Cannes crowns jewelry on the red carpet, from Marli to Chopard
Cannes turns high jewelry into global imagery, with Marli, Boucheron and Chopard dressing identifiable stars under the festival’s sharpest lights.

Cannes as a jewelry launch pad
At Cannes, jewelry is not decorative afterthought; it is strategy. The 79th Festival de Cannes runs May 12 to 23 at the Palais des Festivals et des Congrès in Cannes, and its most powerful fashion images come from houses placing high jewelry on recognizable actors rather than anonymous models. That is the difference between a red-carpet placement and a boutique reveal: Cannes gives a jewel an instant story, a face, and a global audience in one step.

The jury only sharpens that effect. Park Chan-wook chairs the 2026 jury, with Demi Moore and Ruth Negga among its members, so two women already central to the jewelry conversation also hold festival authority. Cannes will award the Palme d’Or to one of the Competition films, but the parallel contest is visual, and on that field the most memorable looks are the ones that read clearly under flash bulbs and camera phones.
The houses that cut through
Marli made one of the week’s clearest statements with Nadine Nassib Njeim, the maison’s Middle East brand ambassador, in a bespoke suite called The Darling. The set was built as a grand architectural necklace, sculptural modular earrings, and a cuff bracelet, all anchored by pink tourmaline, black onyx, amethyst, and diamonds. The necklace alone layers pavé diamonds with individually set amethysts, black onyx inlay, and a 10.7-carat pink tourmaline at the center, and the more than 1,000 hours required to finish the suite are visible in its tension between softness and structure.
Boucheron’s best Cannes showing on Daisy Edgar-Jones was the opposite of Marli’s painterly color story, and no less persuasive for it. Edgar-Jones wore diamonds on white gold in the Quatre Radiant Edition tie necklace and Lierre de Paris earrings, while Colman Domingo took the house’s Lavallière Diamants brooch, Zebra ring, and Quatre Double ring, mixing diamond brilliance with black lacquer and white HyCeram. Boucheron understands that Cannes jewelry works best when it can move between tailoring and fantasy without losing line.
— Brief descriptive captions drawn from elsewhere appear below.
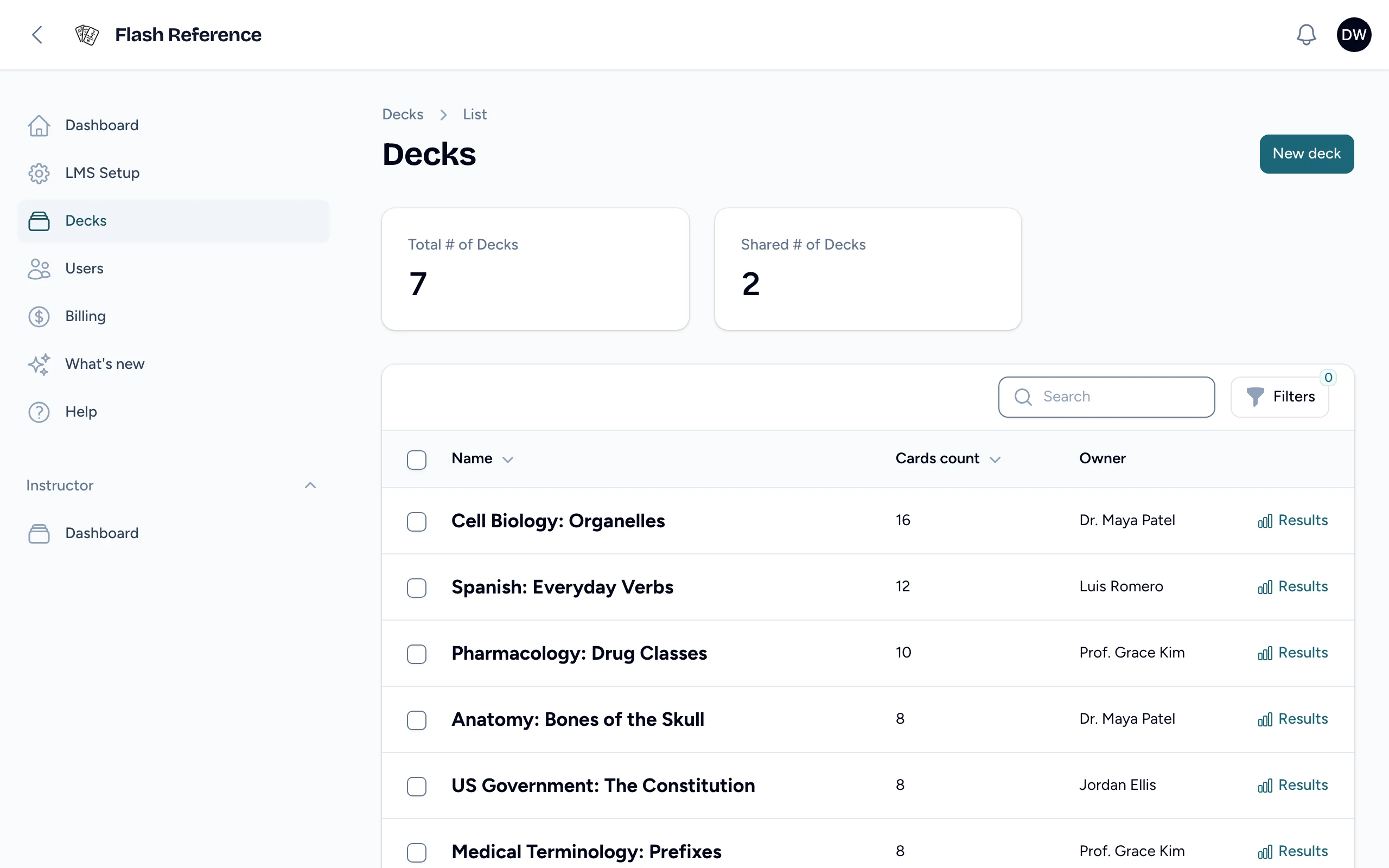 Your organization's decks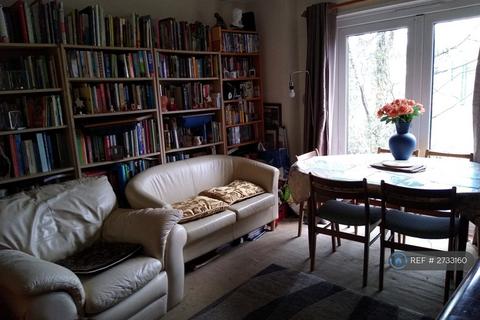 1 bedroom in a house share to rent, Orchard Drive, Glasgow, G46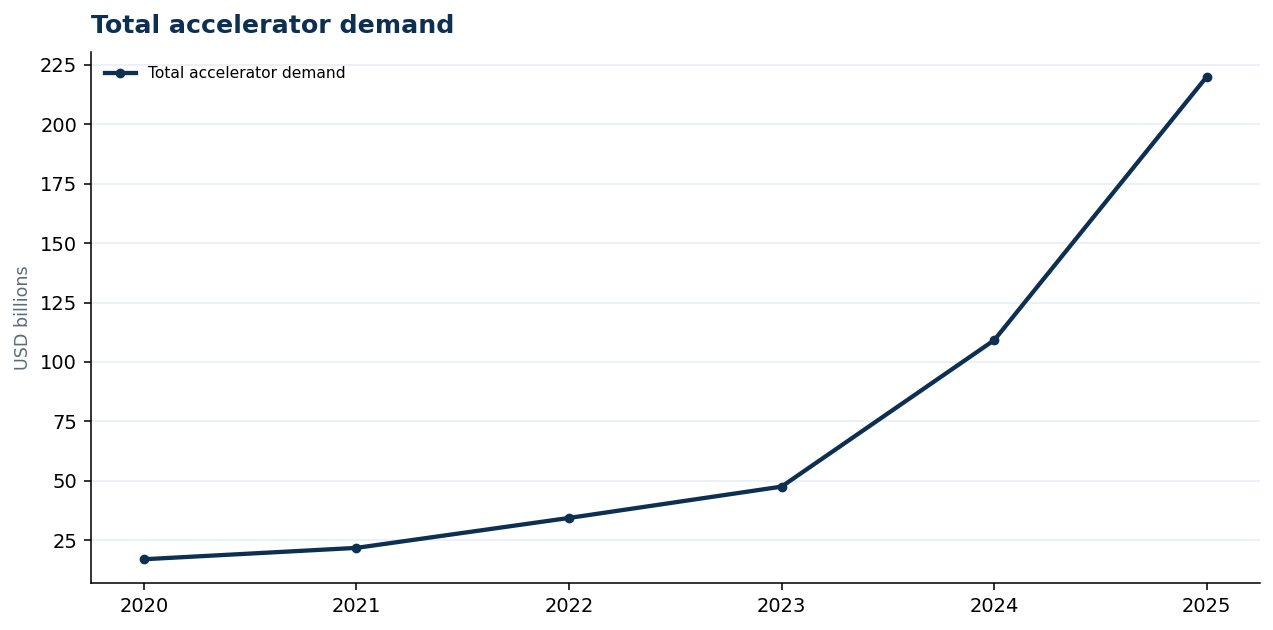 Total accelerator demand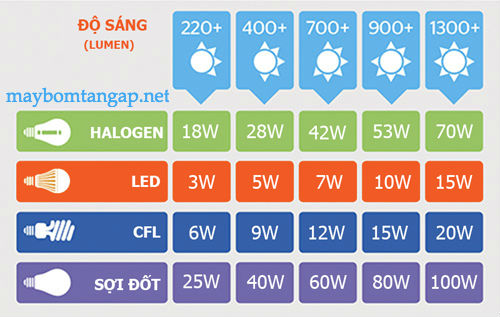 cap-do-anh-sang-den-led-op-tran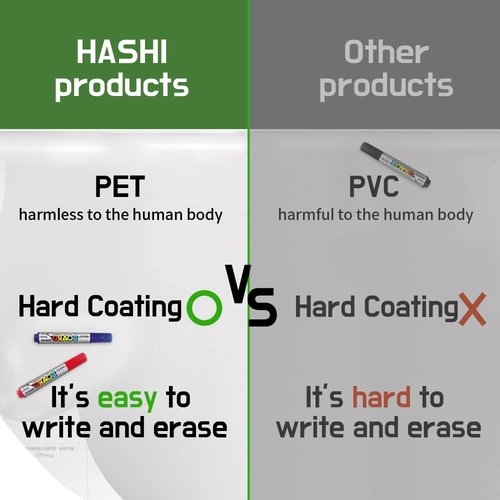 HA SHI Clear Adhesive Sheets Roll - 18" x 78" (6.5 Ft) | Includes 3 Dry Erase Markers & Bulletin Board Paper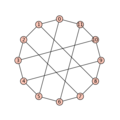 Der Franklin-Graph: 12, [5,-5], 6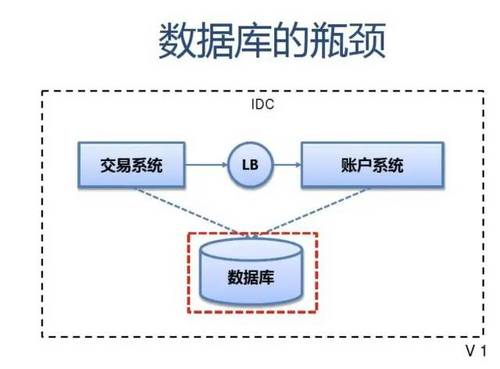 SLA服务可用性4个9是什么意思？如何保证服务的高可用性 HA（High Availability）?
Chopard supplied the kind of star power that makes a red carpet feel like a jewelry campaign in motion. Demi Moore, Bella Hadid, Ruth Negga, and Dita Von Teese all appeared in the maison, and the repetition matters: when the same house is seen on multiple high-recognition faces, it stops feeling like a one-off and starts reading like a festival code. Chopard’s advantage at Cannes is not only the scale of the jewels, but the consistency with which they are attached to women whose images travel fast and widely.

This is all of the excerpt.